I: In che modo secondo te la città di Perugia potrebbe essere più inclusiva nei confronti dei suoi cittadini?
A: Secondo me… se non fosse per l’aspetto universitario, molto particolare che Perugia ha, no. Nel senso le persone che nascono e crescono qui, secondo me, per una mia visione sono abituate ad un certo tipo di stile di vita. Quindi, a livello inclusivo forse te ne rendi conto solo quando sei effettivamente un po’ più grosso per poterlo dire. Ad oggi io personalmente, non mi sento inclusiva, ma nemmeno troppo il contrario. Nel senso, un po’ una via di mezzo che però tende ad essere appunto un po’ introversa come città, molto riservata.
I: Che significato ha per te la parola “pregiudizio”.

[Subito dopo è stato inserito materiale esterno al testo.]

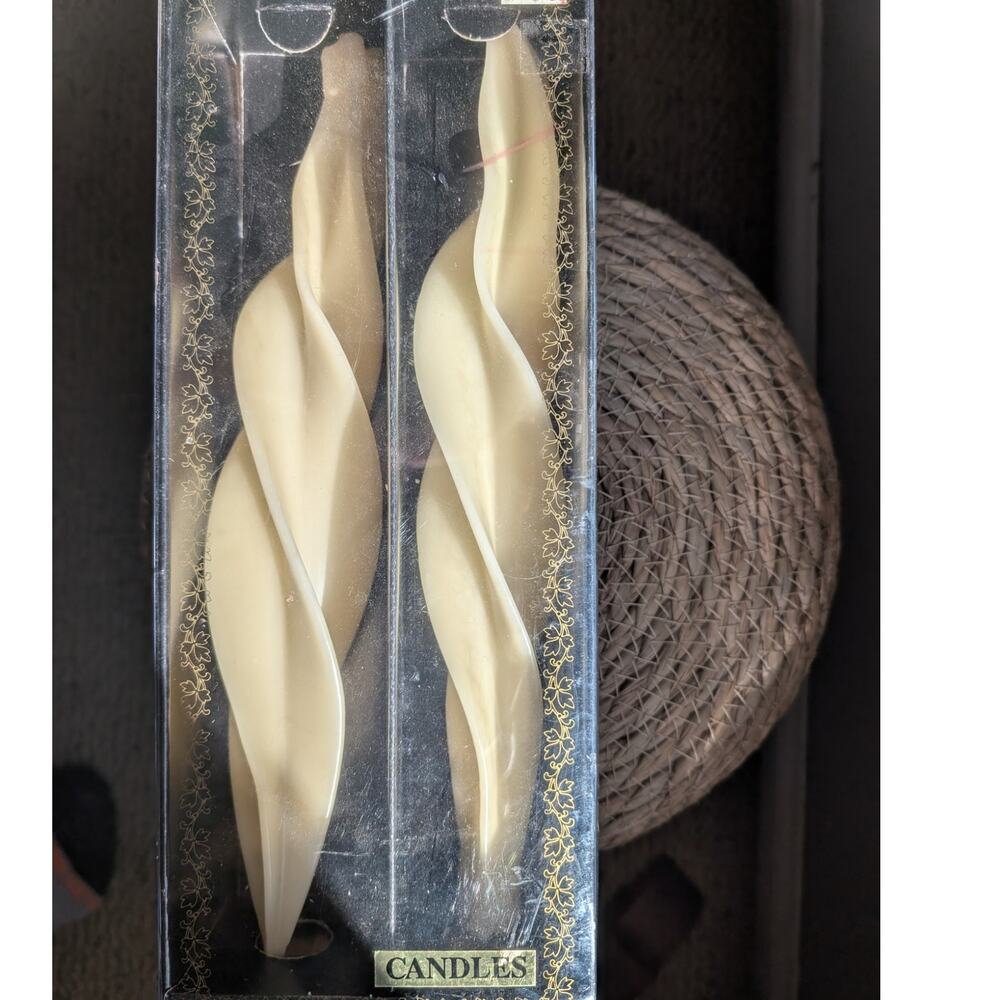 Vintage 12" Spiral Twisted Ivory Taber Candles Original in Box Fedco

A: Eh… boh, io vengo da una città del sud e come penso anche tu (intervistatore), un po’ si sente questa cosa qui, ma come anche magari in generale c’è sempre stato, un pregiudizio di fondo nei confronti di quelli del sud. Non escludo il viceversa, perché chiaramente anche da parte nostra diciamo… c’è una sorta di pregiudizio che credo sia una conseguenza del pregiudizio del nord nei confronti di quelli del sud. Quindi prima di tutto per me significa questo, na questione di pregiudizio territoriale in base al fatto che se vengo dal sud ho una marcia in meno, non so… sono più incapace a capire delle cose, perché veniamo considerati un po’ all’antica sotto un po’ di punti di vista.
I: Quando ti presenti con una nuova persona, quanta importanza dai alle prime impressioni?

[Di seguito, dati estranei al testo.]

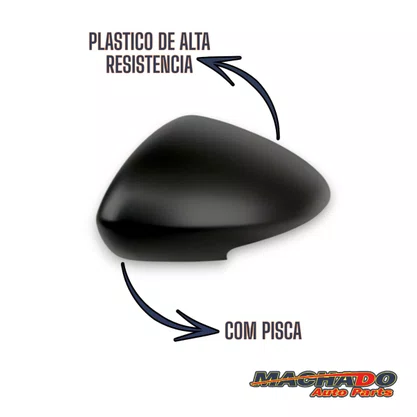 Capa Do Retrovisor Argo Com Pisca Preto Esquerda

A: Mmh… Non saprei… Il modo di porsi di una persona, il modo con cui parla, il peso che, magari, dà alle parole… Non so… Perché magari parlare ad esempio del modo con cui si veste, come porta i capelli, quello è uno stile di vita, non credo rientri o potrebbe rientrare nei pregiudizi, si, ma non è il mio caso. Non sento di appartenere a questo, quanto più ai modi di fare. Più ad un linguaggio non verbale, ad una questione di carattere.

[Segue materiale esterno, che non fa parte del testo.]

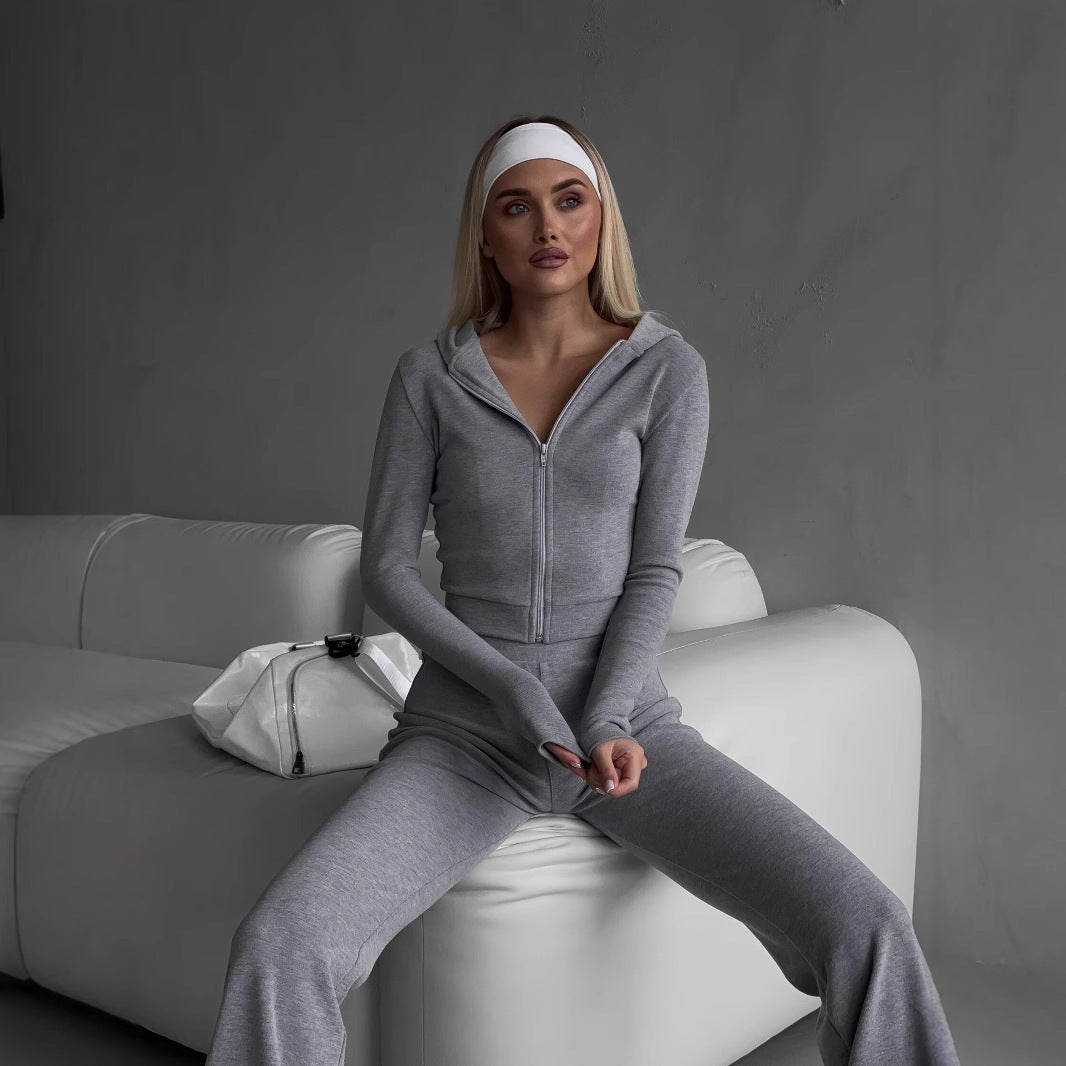 Kvinnes fashionable zip hettegenser og sporty leggings sett Skjora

I: Nella vita di tutti i giorni sei sempre riuscita\o a manifestare quello che realmente sentivi di essere?
A: No, nel senso, ci sono state delle situazioni in cui ho preferito magari accantonare, l’essere me stessa, magari far vedere parte di me che magari non era il caso di far vedere, manifestando uno spirito di adattamento alla cosa che purtroppo, per fortuna, uno deve avere. Quindi la risposta sarebbe no, ma avrei tanto voluto farlo, ahahahah.
I: Secondo te in che modo l’età di una persona pregiudica la sua competenza lavorativa?
A: Io credo che sia chiaro, perlomeno lo vedo con i miei amici, lo vedo in generale che la persona giovane che esce magari dall’università o che non la frequenta perché ha delle doti pratiche molto elevate, non viene considerata proprio perché è giovane. Ed è questo il motivo, si dice sempre ma tu sei piccolo devi ancora crescere, da sempre ci dicono questa cosa; ed è come se questa cosa si fosse ripercossa su tutti gli ambiti della vita, ed è fastidioso… perché è come minimizzare le qualità di qualcuno a livello pratico e anche teorico. Detto da una persona adulta che prima di noi è passata per l’età giovane, è una cosa spiacevole, soprattutto perché probabilmente quella persona a suo tempo ha avuto a che fare con persone più grandi di lui che gli hanno detto la stessa cosa, il fatto che si ripeta in continuazione il pregiudizio del giovane, è un problema grosso, ed è segno di un qualcosa che non potrà mai fiorire f inché sarà sempre così, finché non si darà fiducia ai giovani per un determinato lavoro, non sarà mai, ecco non so… è come se si tornasse sempre indietro, invece di andare avanti. Secondo me, gli anziani in questo caso, tra virgolette sempre, vivono un tipo di pregiudizio diverso, non so… se devi insegnare, entri da giovane nell’insegnamento, sei appena uscito dall’università ma che fai? fatti la carriera. Questo è un pregiudizio. Se sei troppo anziano che hai una grande esperienza d’insegnamento alle spalle, sei troppo anziano, vai in pensione che è ora.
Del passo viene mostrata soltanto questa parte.